During his address at the agency’s launch, Samuel said a true picture of the HIV/Aids population in T&T would never be known because statistics from private health facilties were kept confidential. But neither the Ministry of Health nor the Government could make it mandatory for private health facilties to reveal their HIV/Aids statistics,  Health Minister Dr Fuad Khan said yesterday.

 

This had to be addressed via legislation, he said, but implementing such a law  could result in negative consequences, as people would refuse to be tested. “We can’t put in place such legislation right now.
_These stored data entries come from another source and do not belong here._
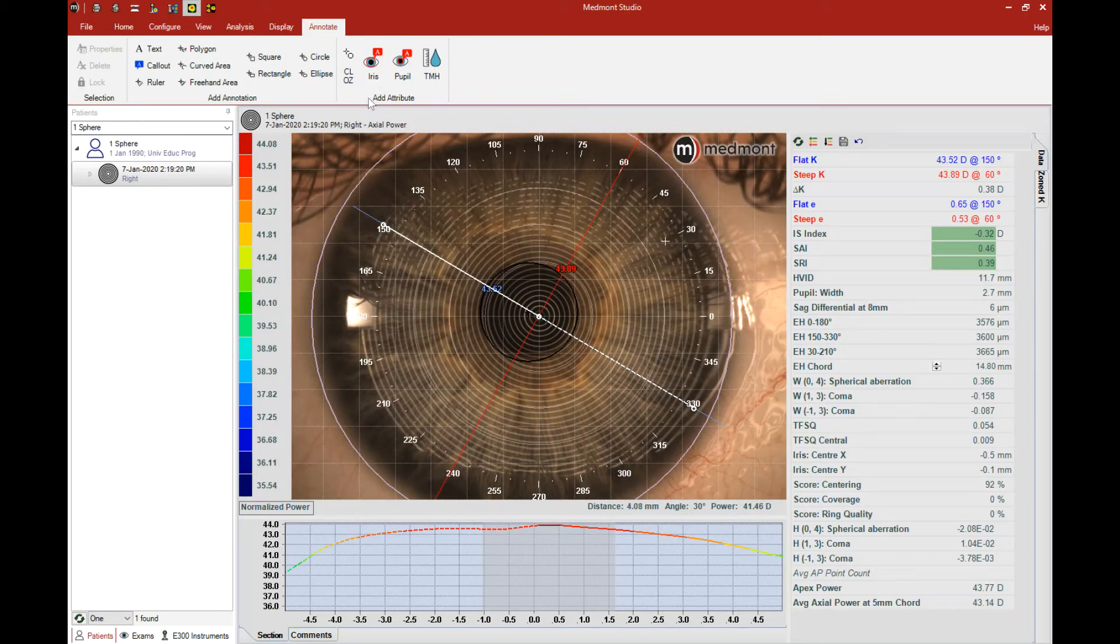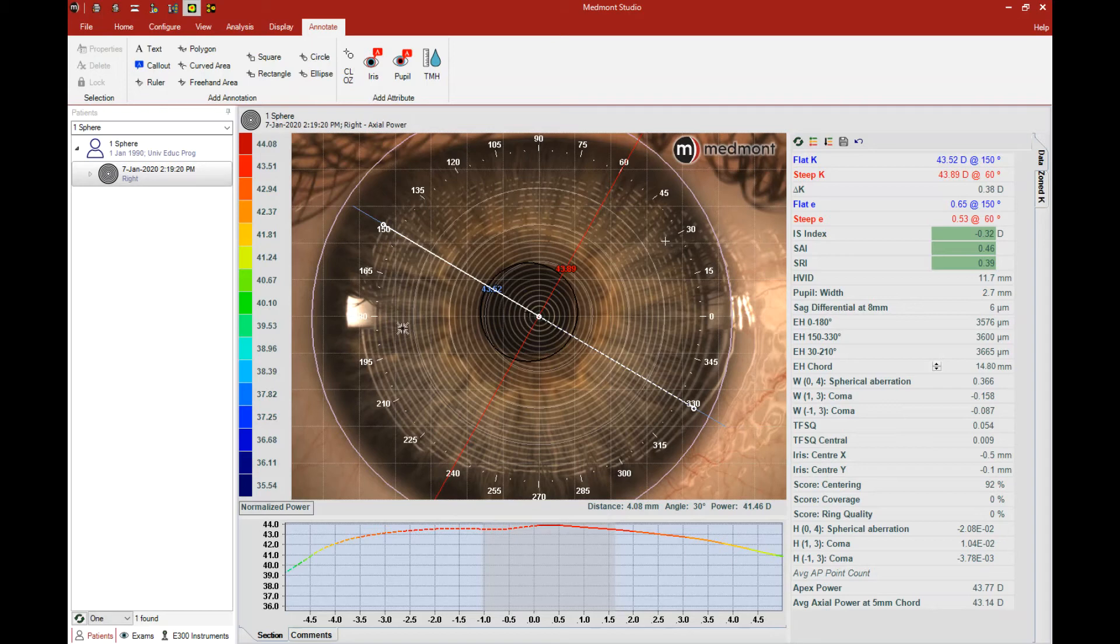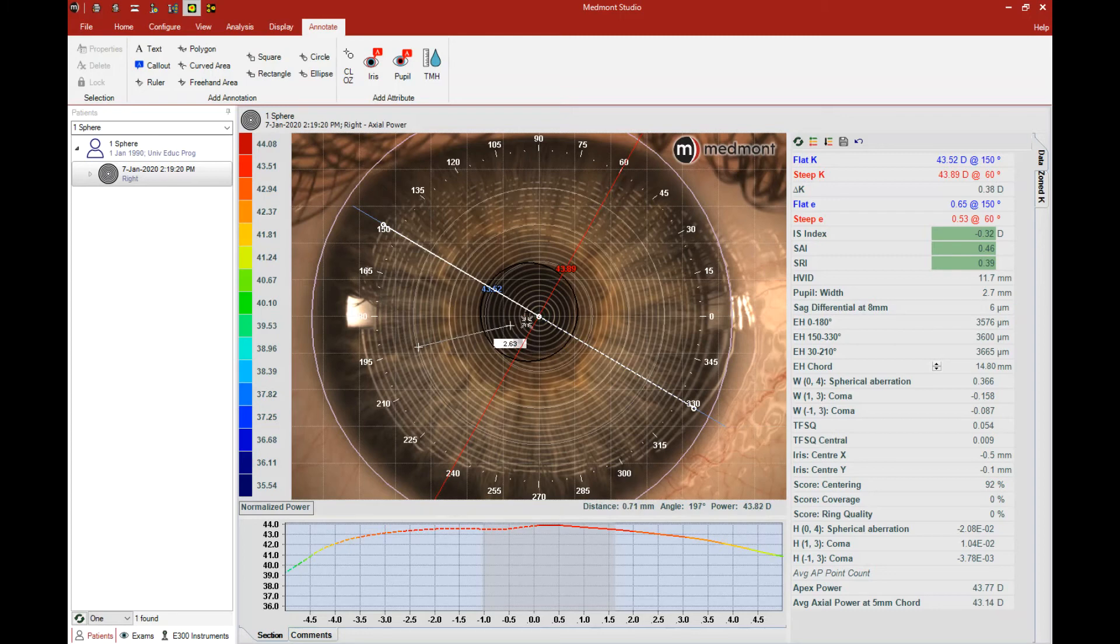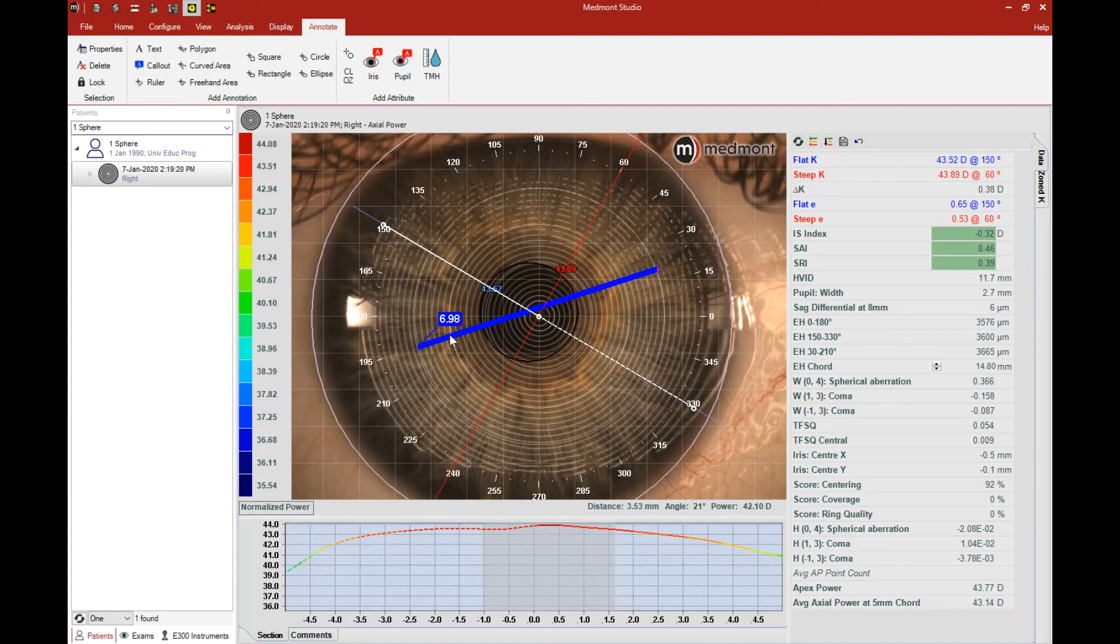Another measurement tool you can select from the annotation window is the ruler. If you're measuring the size of the cone in a keratoconic patient or the optics across the distance zone of the lens, you can click the cursor on one point and drag it to another point. It will determine that length to the 100th of a millimeter.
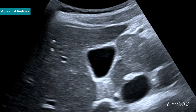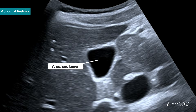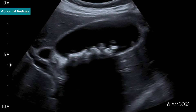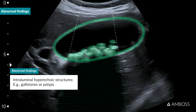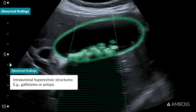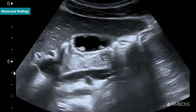Because the gallbladder is filled with fluid, the lumen is normally anechoic. Hyperechoic structures within the lumen may represent gallstones or pathologies of the gallbladder wall, such as polyps. Gallstones typically result in acoustic shadowing and may move around within the gallbladder if the patient changes position. Polyps are outgrowths of the wall and therefore not mobile, and they also do not usually have an acoustic shadow.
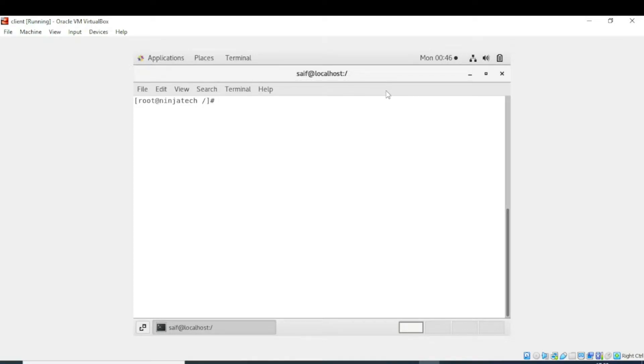Welcome to Ninja Tech. In this video we will learn how to remove a file from a directory or folder.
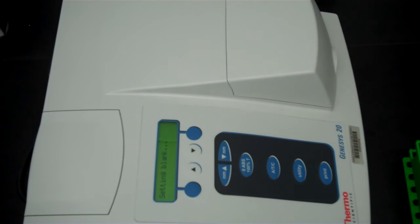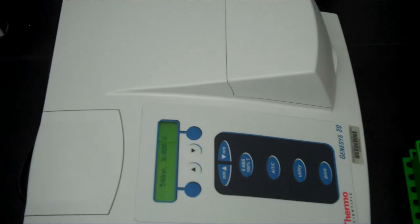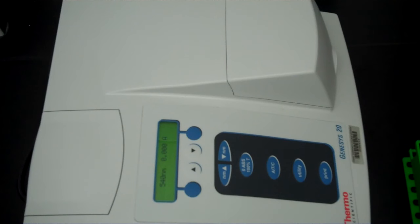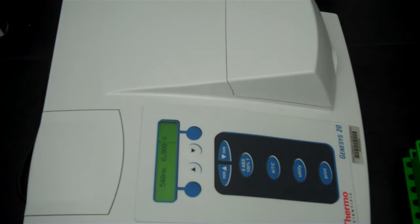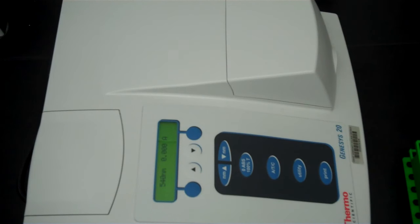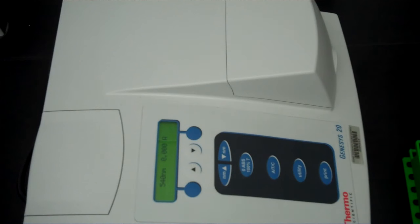When you do you'll see the message setting blank and when it's done it'll read the wavelength that you've set it at, in this case 540 nanometers and 0.000A and that A simply stands for absorbance. In this class you will only be doing absorbance readings not percent transmittance readings.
We have to concentrate more on educating people, because once they realise their information would go into a database which is accessed by a public institution, they would be reluctant to be tested,” Khan said.

 

“We as a country have not got to the point where having HIV/Aids is no big deal, there is still a lot of shame associated with having the disease.” He said it was  tragic that people were still shunned by their families and friends once they tested positive. Worldwide discussions, Khan added, are taking place with the World Health Organizations (WHO) and various health stakeholders on whether such a policy should be mandated by governments.